__Supplied material__
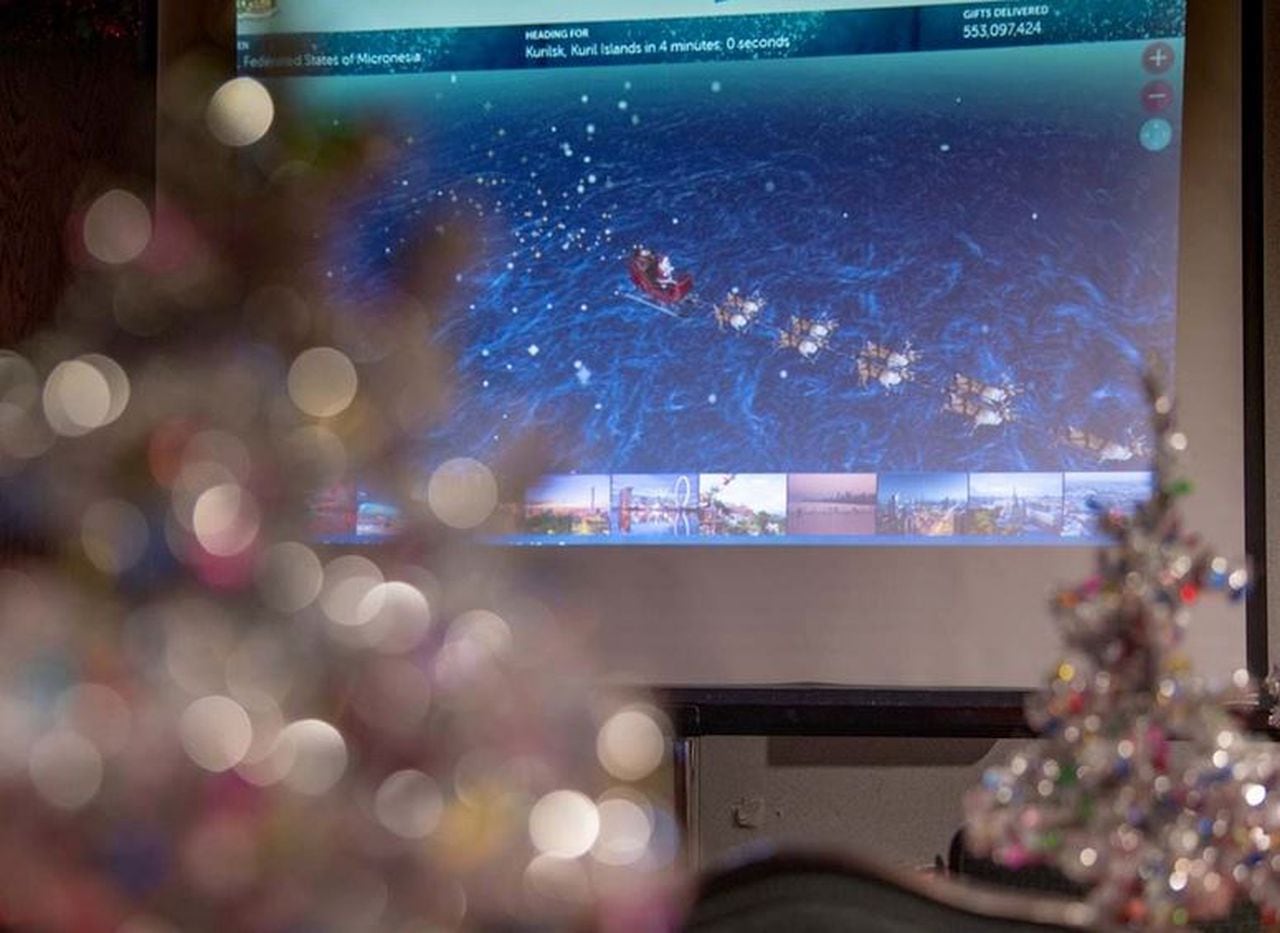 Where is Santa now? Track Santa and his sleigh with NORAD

---

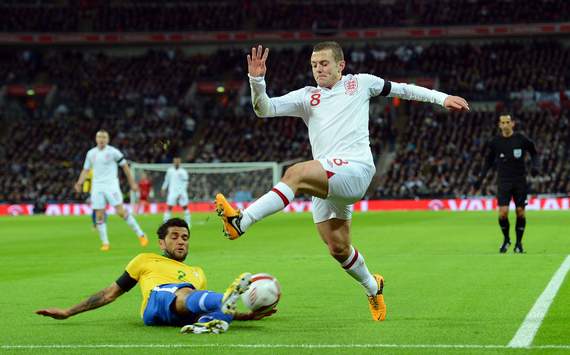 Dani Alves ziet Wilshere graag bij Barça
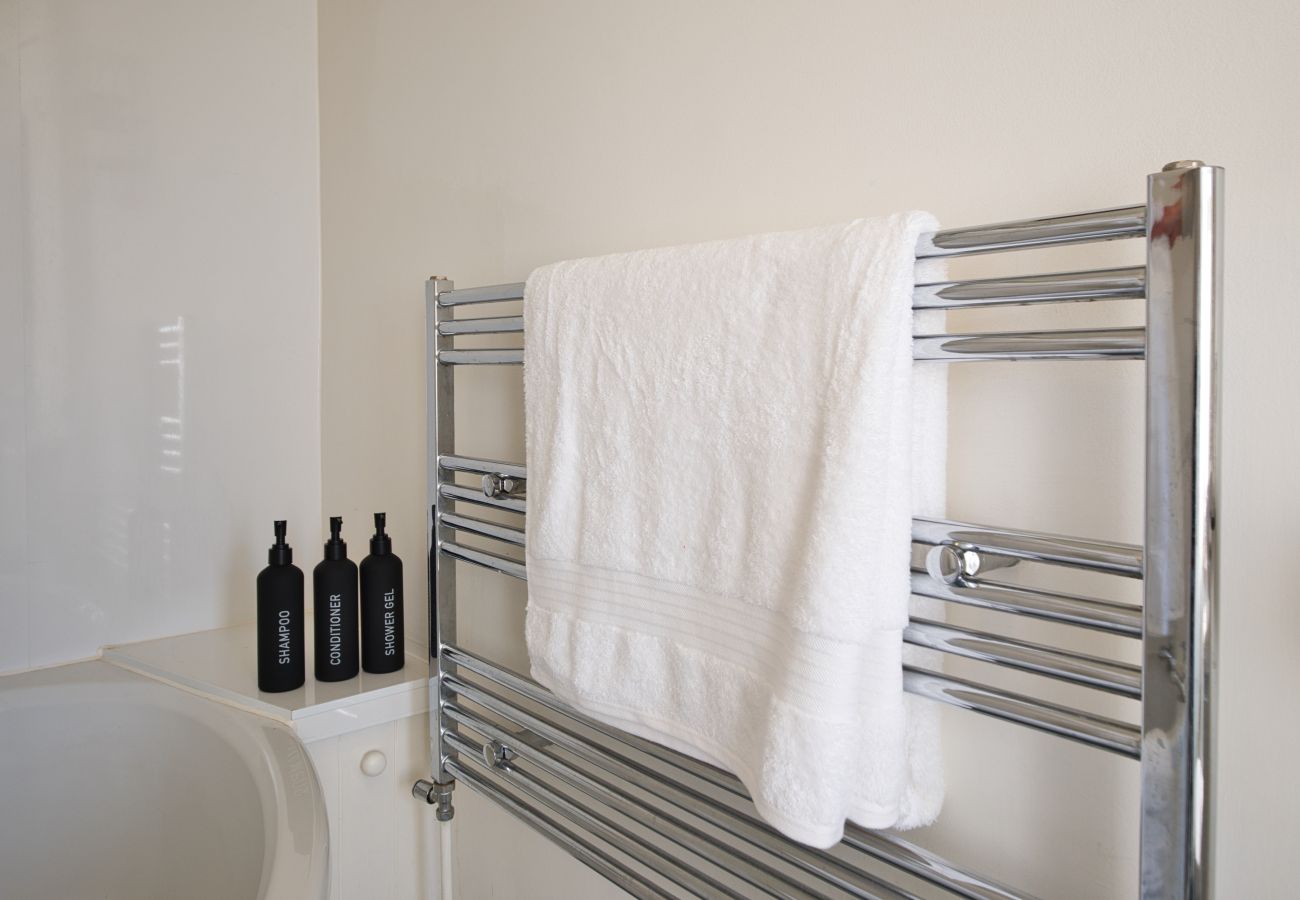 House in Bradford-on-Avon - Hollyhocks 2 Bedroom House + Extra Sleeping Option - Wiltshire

...

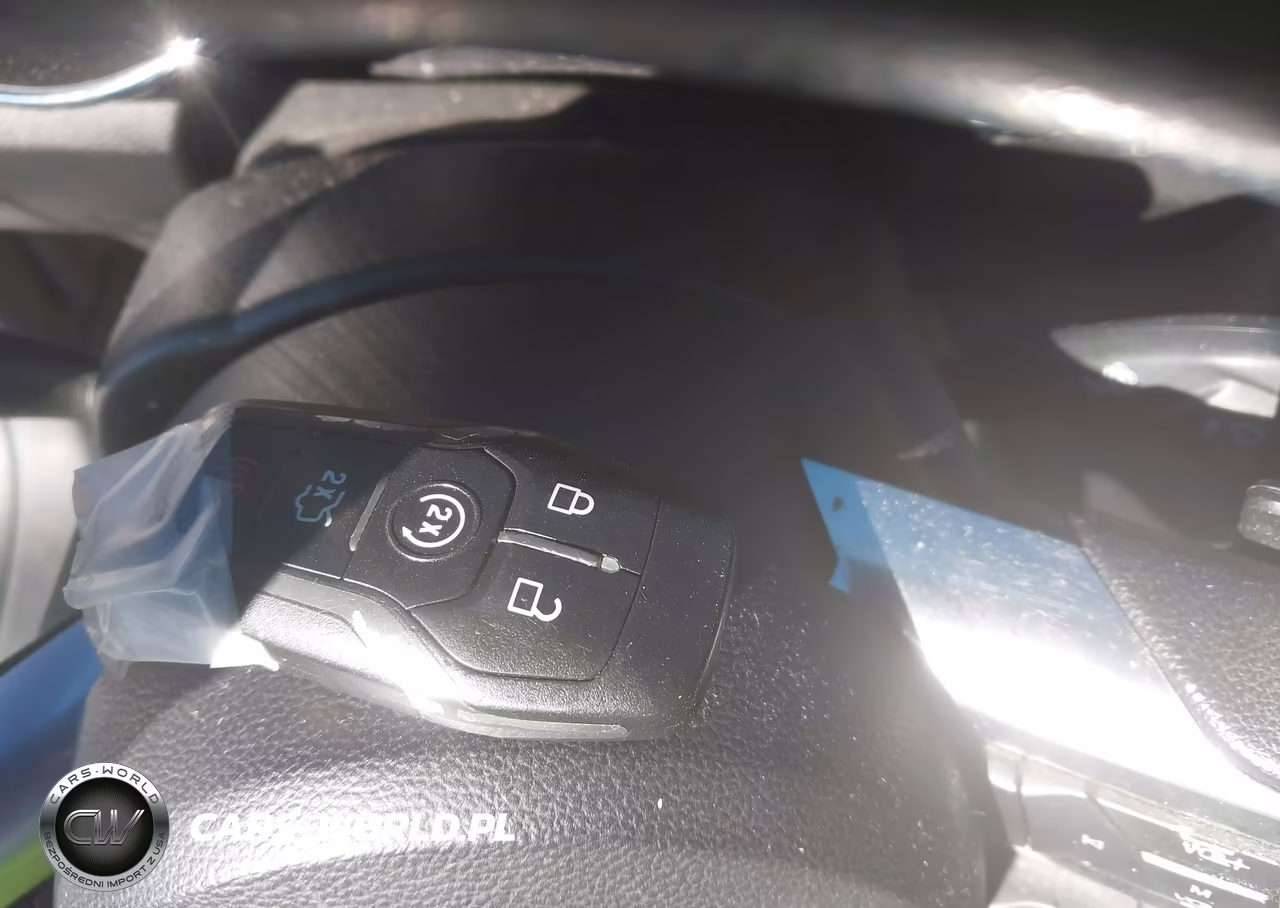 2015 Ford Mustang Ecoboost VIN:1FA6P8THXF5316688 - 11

__Problem description__
Copy back exactly the lines above from the one containing "Dani Alves ziet Wilshere graag bij Barça" through the one containing "House in Bradford-on-Avon", and leave every picture behind.

__Task output__
 Dani Alves ziet Wilshere graag bij Barça
 House in Bradford-on-Avon - Hollyhocks 2 Bedroom House + Extra Sleeping Option - Wiltshire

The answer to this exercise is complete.